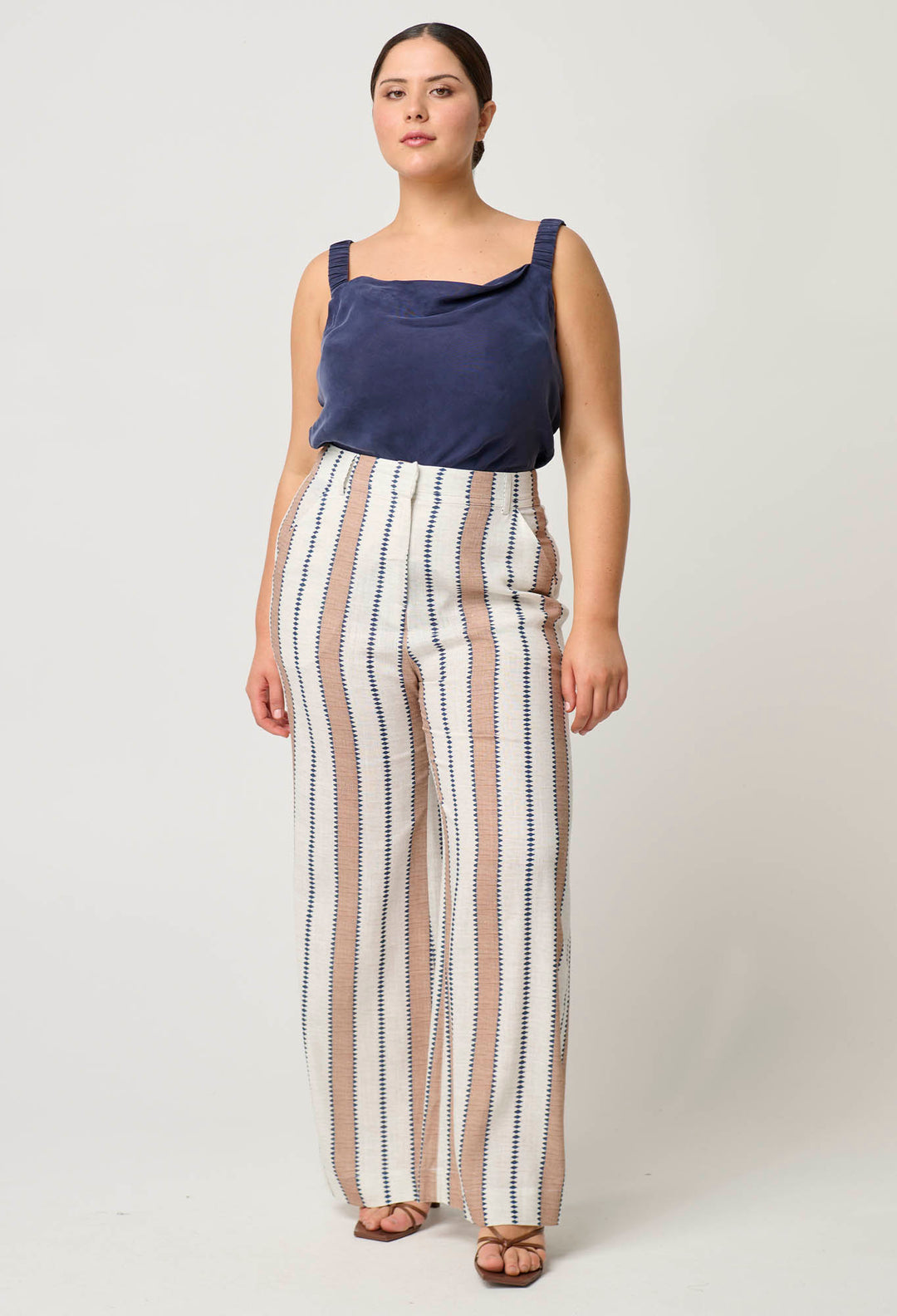 OnceWas Dynasty Linen Viscose Pant in Cayman Stripe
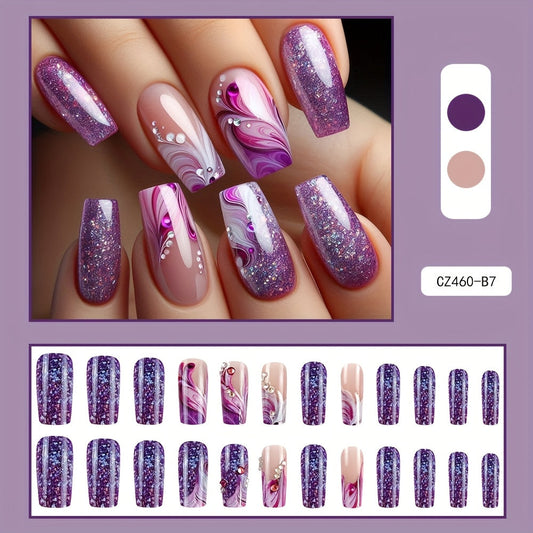 24pcs Glossy Medium Coffin Press On Nails Purple Flower Glitter Powder Pattern Fake Nails Shiny Artificial Reusable False Nails for Wome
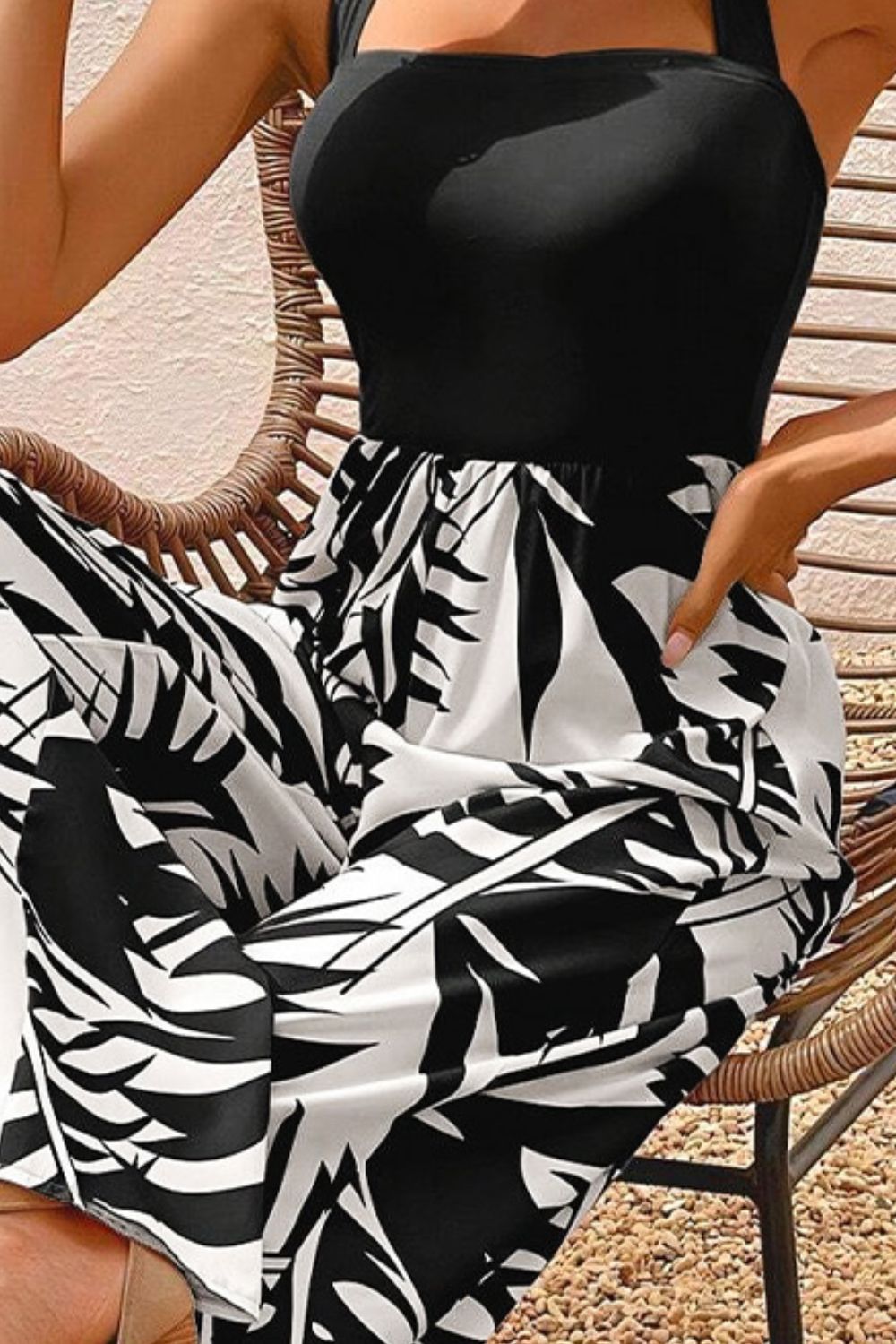 Printed Halter Wide Leg Jumpsuit - ViarousViarousViarous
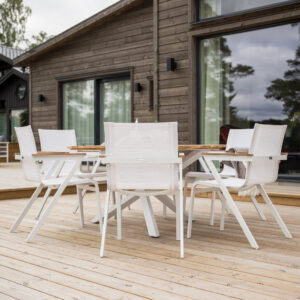 Mexico, Mexico – Ensemble repas – Naturel – Table : ⌀140 Chaise : 60 x 89 x 56 cm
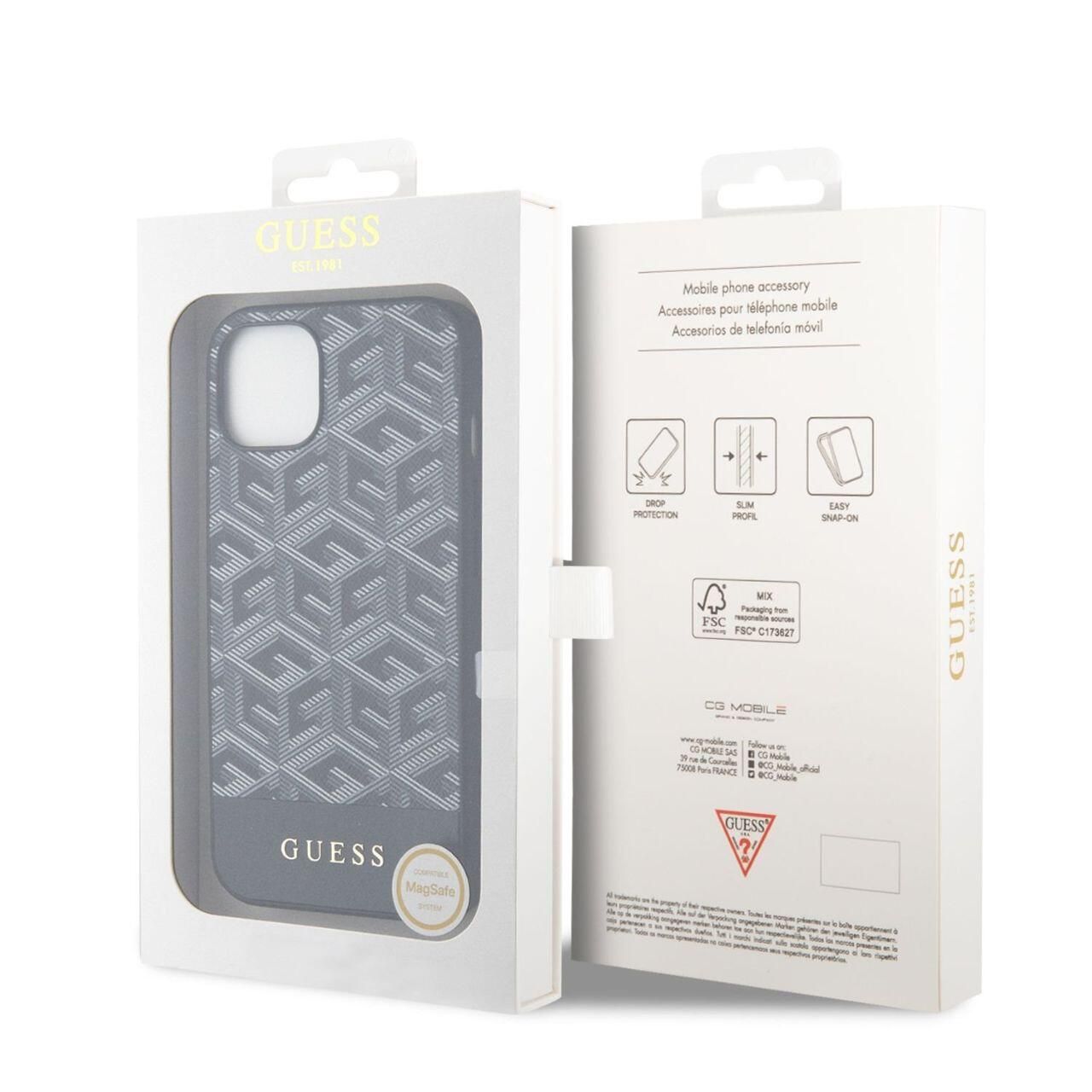 Husa de protectie Guess G Cube tip MagSafe pentru iPhone 14, Negru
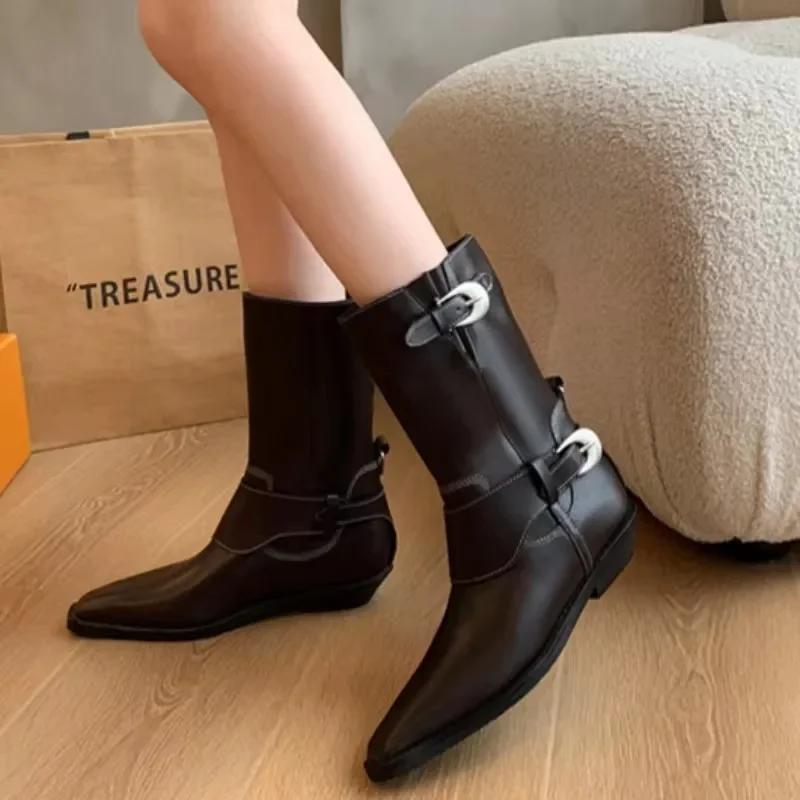 Fashion 2024 High Quality Shoes Female Mid-Calf Women's Boots Elegant Modern Boots Women Buckle Pointed Toe Slip On Low Heel Shoes Women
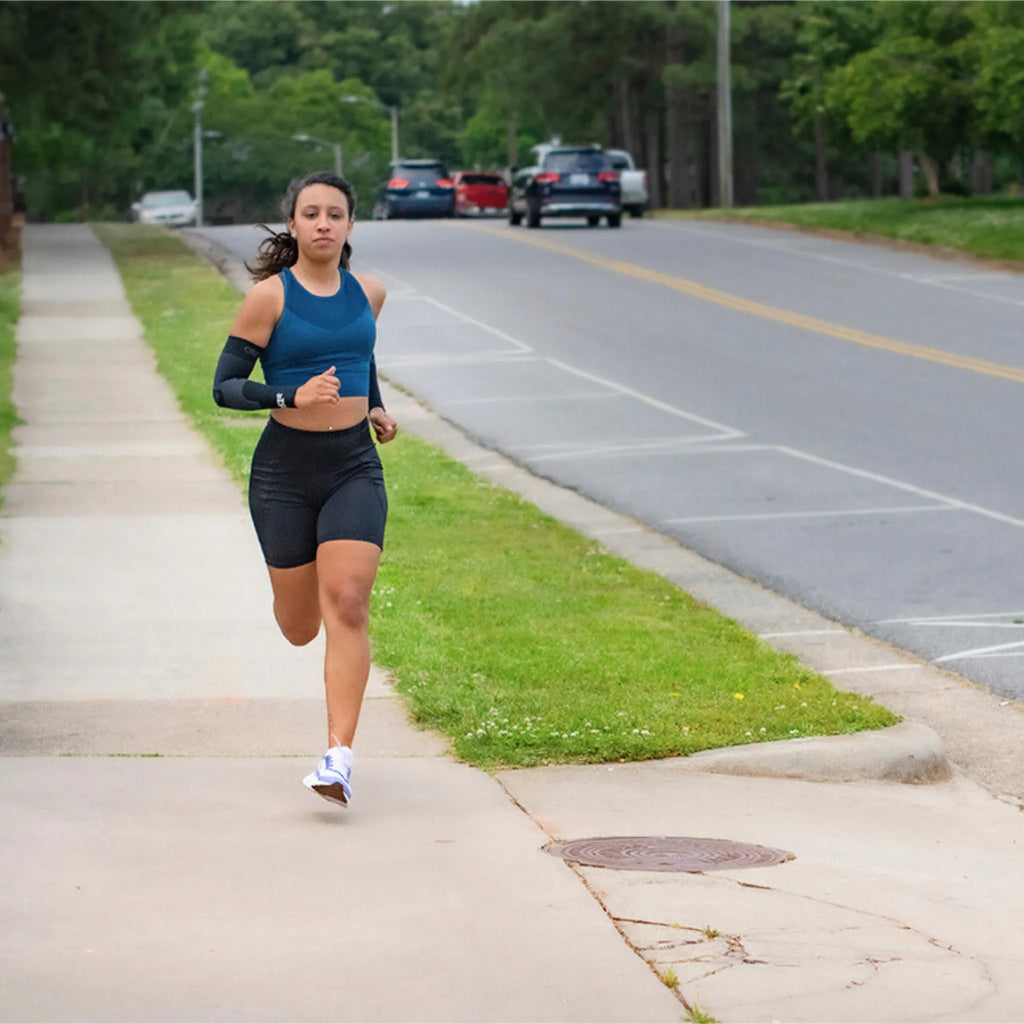 female runner wearing active comfort socks | OS1st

=======

→ Your instructions: Pick up at the line containing "Fashion 2024 High" and copy each line exactly until the data ends, including that last line; copy no pictures.

→ Solution:
 Fashion 2024 High Quality Shoes Female Mid-Calf Women's Boots Elegant Modern Boots Women Buckle Pointed Toe Slip On Low Heel Shoes Women
 female runner wearing active comfort socks | OS1st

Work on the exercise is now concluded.